Call 1.800.966.1380 to contact Jenny Thompson booking agent, publicist, manager, pr firm, representative and management company if you would like to hire Jenny Thompson for a speaker appearance, autograph signing, endorsement deal or corporate event. Here you can find speaker fees, booking fees, costs, availability and schedule information.
When Jenny Thompson retired from swimming after the 2004 Olympics, she left as the most decorated U.S. Olympic swimmer in history with 12 Olympic medals, including eight gold. She was also one of the most respected athletes among her peers after growing up in the sport and ultimately becoming a role model to those coming after her.
During her illustrious career, Thompson led Stanford to four-straight NCAA Championship titles and amassed 26 U.S. national individual titles, dating back to 1987. She made her Olympic debut at the age of 19 at the 1992 Games, collecting two gold and one silver medal. After her third Olympic appearance in 2000, she started medical school at Columbia University, but soon missed being in the water.
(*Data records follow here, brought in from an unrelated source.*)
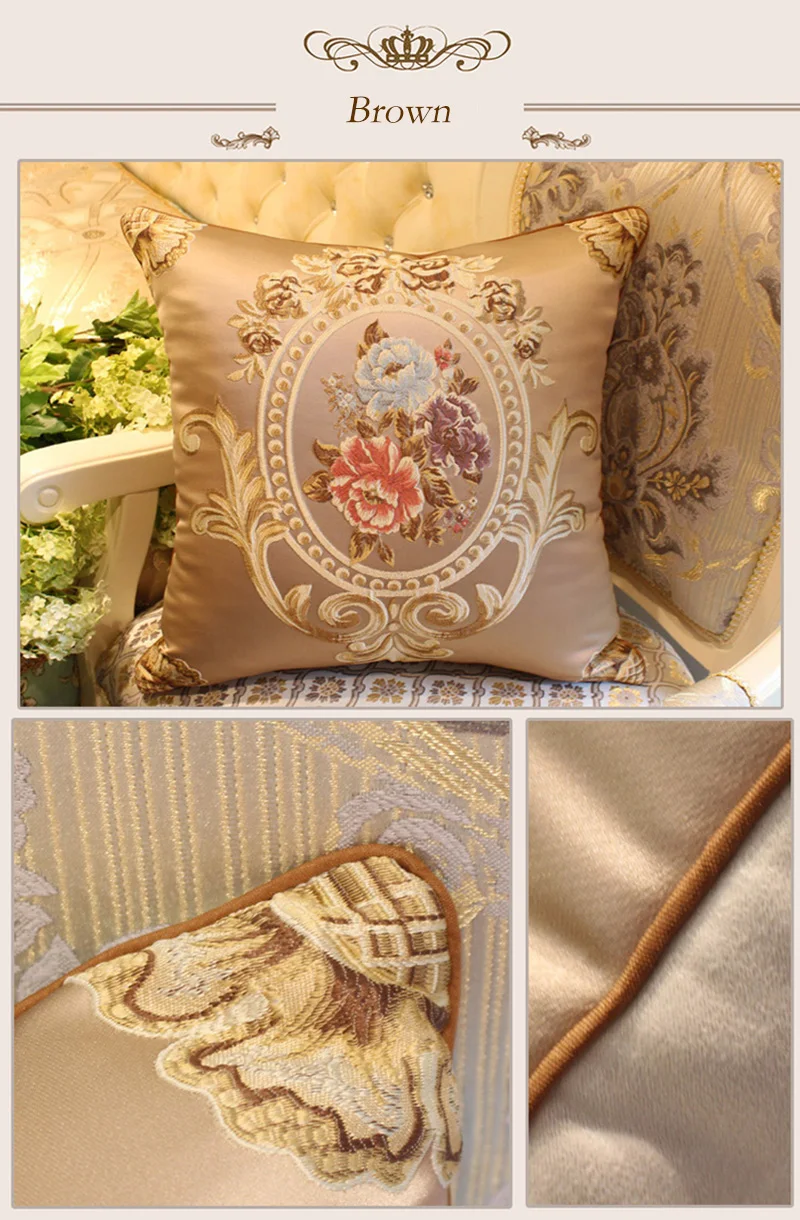 Sookie Европейский стиль наволочка Роскошная Подушка Чехол с цветочной вышивкой пледы Чехлы для диванных подушек наволочка для домашнего декора
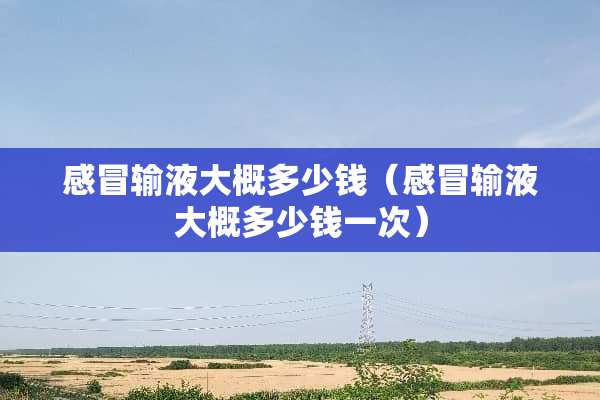感冒输液大概多少钱（感冒输液大概多少钱一次）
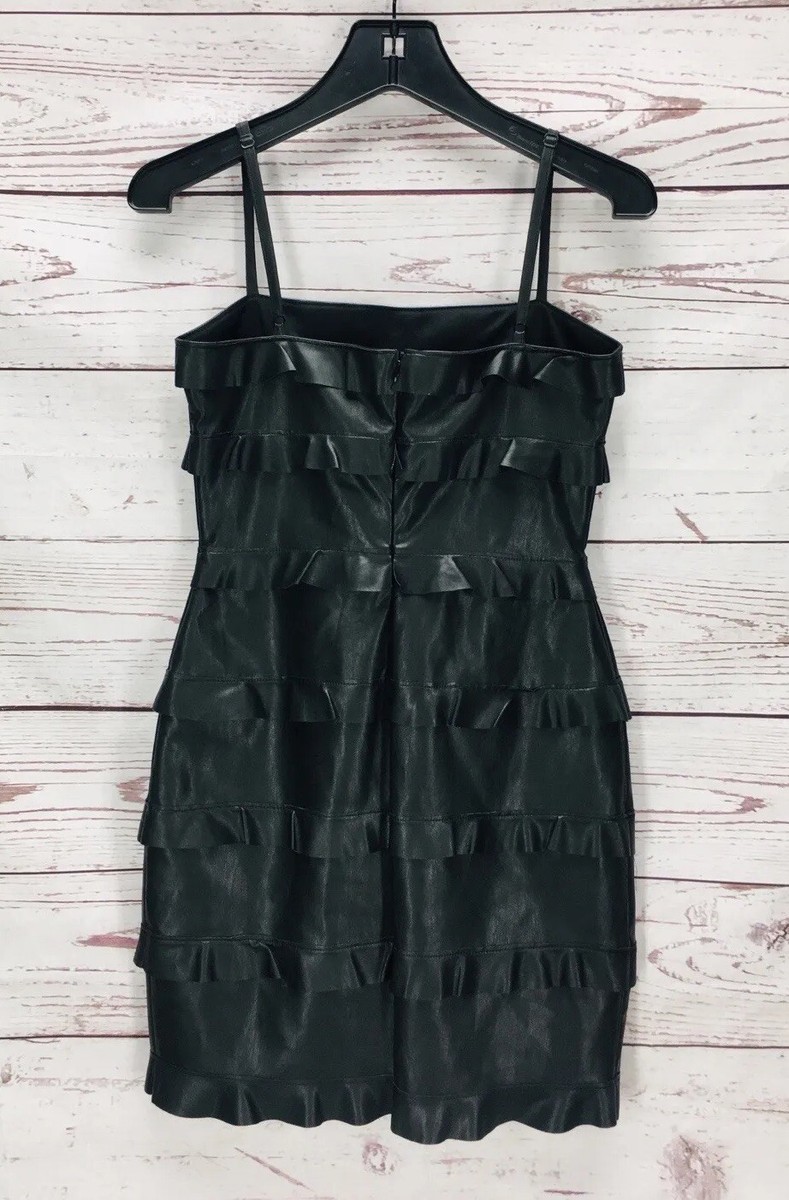 bailey 44 black leather dress Bailey 44 | Dresses | Bailey 44 2 Toned Black And White Body Con Leather Dress Size Small
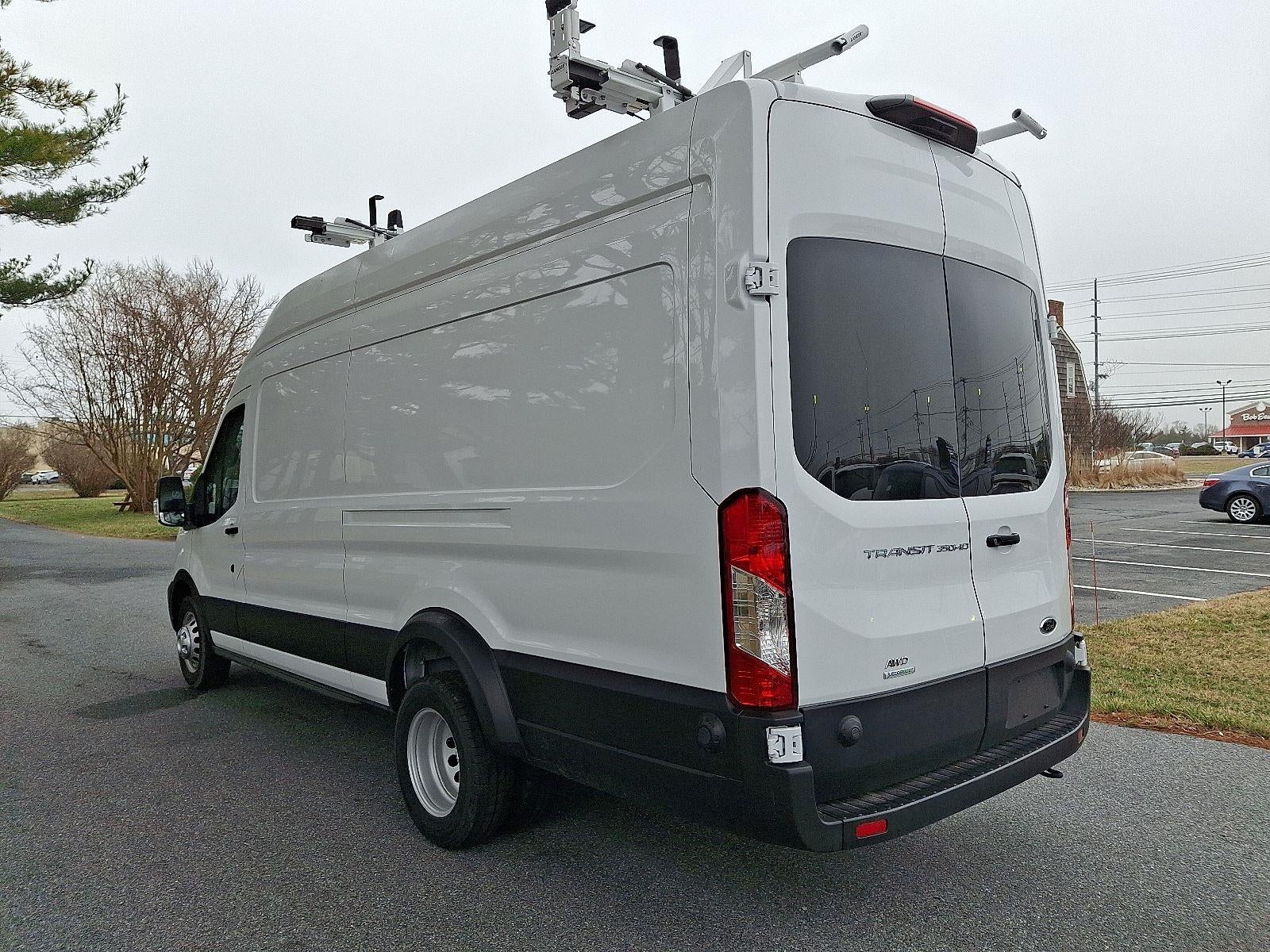 2024 Ford Transit Cargo Van T-350 HD 148" EL Hi Rf 9950 GVWR DRW AWD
Thompson got back into training in 2001, casually at first, but it wasnít long before her competitive juices were flowing. By the 2001 U.S. Nationals, it was apparent she was destined to make a fourth Olympic team in 2004. Relishing her role as an elder stateswoman on the team, Thompson was able to finish her career feeling like she had given back to the sport that had given so much to her. She won two more medals in Athens, bringing her Olympic medal count to 12 Ė more than any other U.S. swimmer, male or female.
While Thompson is an inspiration to countless numbers of children, especially young girls, her personal inspiration came closer to home. She was raised by a single mother, Margrid, who made many sacrifices to give Thompson and her three older brothers opportunities to succeed.
Margrid battled esophageal cancer for years, passing away in February 2004. Thompson kept her momís memory close to her heart while competing in her final Olympics later that summer. She appreciates the opportunity her swimming success has given her to raise awareness and funding for cancer research. She has volunteered for Swim Across America, an organization that raises money for cancer research.
Thompson also places great importance on her position as a role model for young girls. She is an Athlete Ambassador for Right to Play, a worldwide humanitarian organization that uses sport and play to build life skills and foster peace for children and communities ravaged by poverty, war and disease. Thompson also serves on the board of her home swim team, Seacoast Swimming Association, and volunteered to promote a new aquarium/ecology learning center in New Hampshire.